During the procedure
Surgery to implant the vagus nerve stimulation device can be done on an outpatient basis, though some surgeons recommend staying overnight.
The surgery usually takes an hour to an hour and a half. You may remain awake but have medication to numb the surgery area (local anesthesia), or you may be unconscious during the surgery (general anesthesia).
The surgery itself doesn't involve your brain. Two incisions are made, one on your chest or in the armpit (axillary) region, and the other on the left side of the neck.
The pulse generator is implanted in the upper left side of your chest. The device is meant to be a permanent implant, but it can be removed if necessary.
The pulse generator is about the size of a stopwatch and runs on battery power. A lead wire is connected to the pulse generator. The lead wire is guided under your skin from your chest up to your neck, where it's attached to the left vagus nerve through the second incision.
After the procedure
The pulse generator is turned on during a visit to your doctor's office a few weeks after surgery. Then it can be programmed to deliver electrical impulses to the vagus nerve at various durations, frequencies and currents. Vagus nerve stimulation usually starts at a low level and is gradually increased, depending on your symptoms and side effects.
Stimulation is programmed to turn on and off in specific cycles — such as 30 seconds on, five minutes off. You may have some tingling sensations or slight pain in your neck and temporary hoarseness when the nerve stimulation is on.

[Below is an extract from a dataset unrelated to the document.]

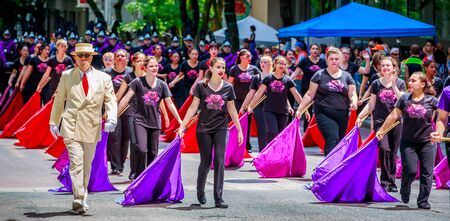 Portland, Oregon, USA - June 6, 2015: Sunset High School Marching Band in the Grand Floral Parade during Portland Rose Festival 2015.のeditorial素材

The stimulator doesn't detect seizure activity or depression symptoms. When it's turned on, the stimulator turns on and off at the intervals selected by your doctor. You can use a hand-held magnet to initiate stimulation at a different time, for example, if you sense an impending seizure.

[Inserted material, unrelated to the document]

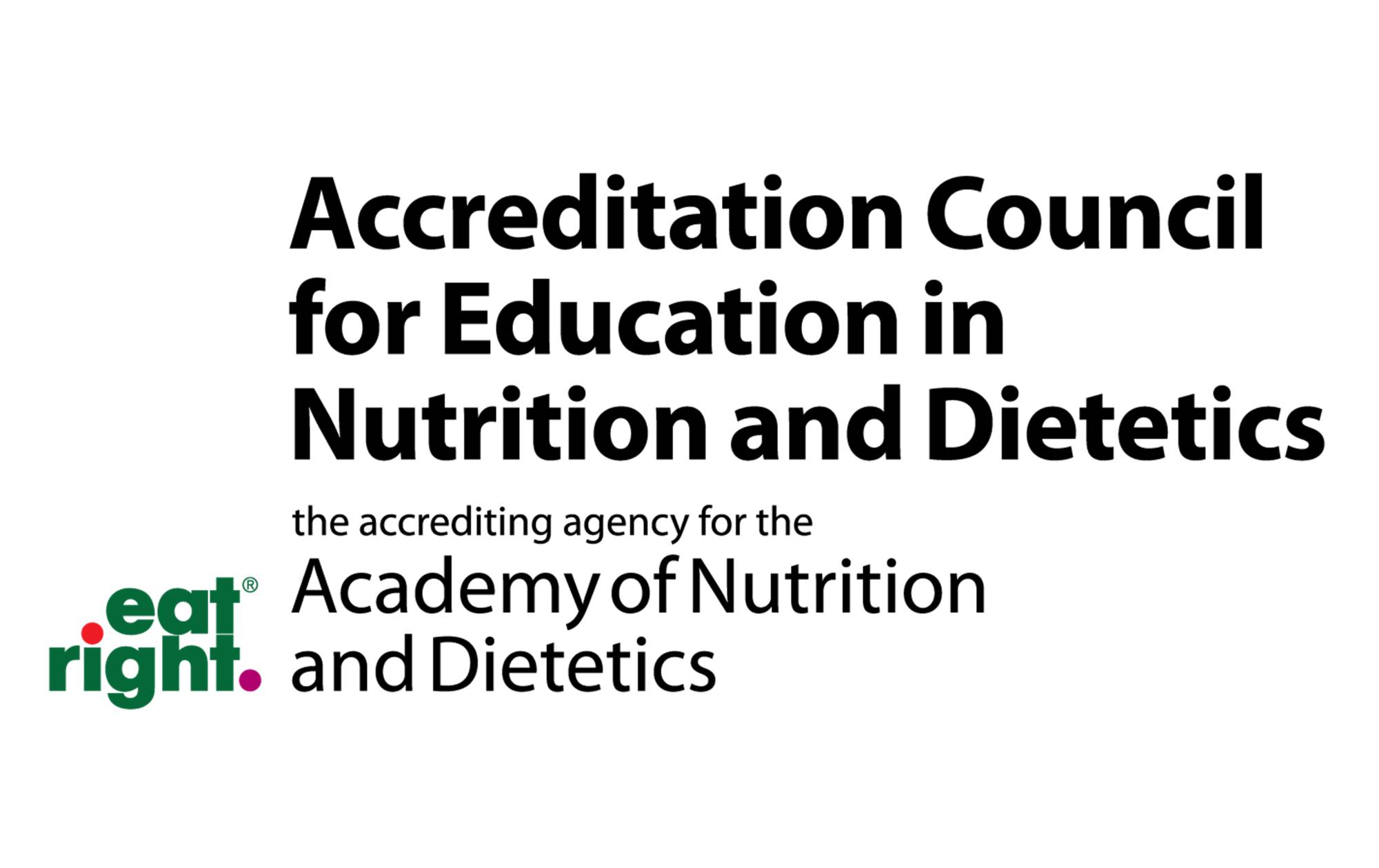 Logo for the Accreditation Council for Education in Nutrition and Dietetics, the accrediting agency for the Academy of Nutrition and Dietetics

The magnet can also be used to temporarily turn off the vagus nerve stimulation, which may be necessary when you do certain activities such as public speaking, singing or exercising, or when you're eating if you have swallowing problems.
You'll need to visit your doctor periodically to make sure that the pulse generator is working correctly and that it hasn't shifted out of position. Check with your doctor before having any medical tests, such as magnetic resonance imaging (MRI), which might interfere with your device.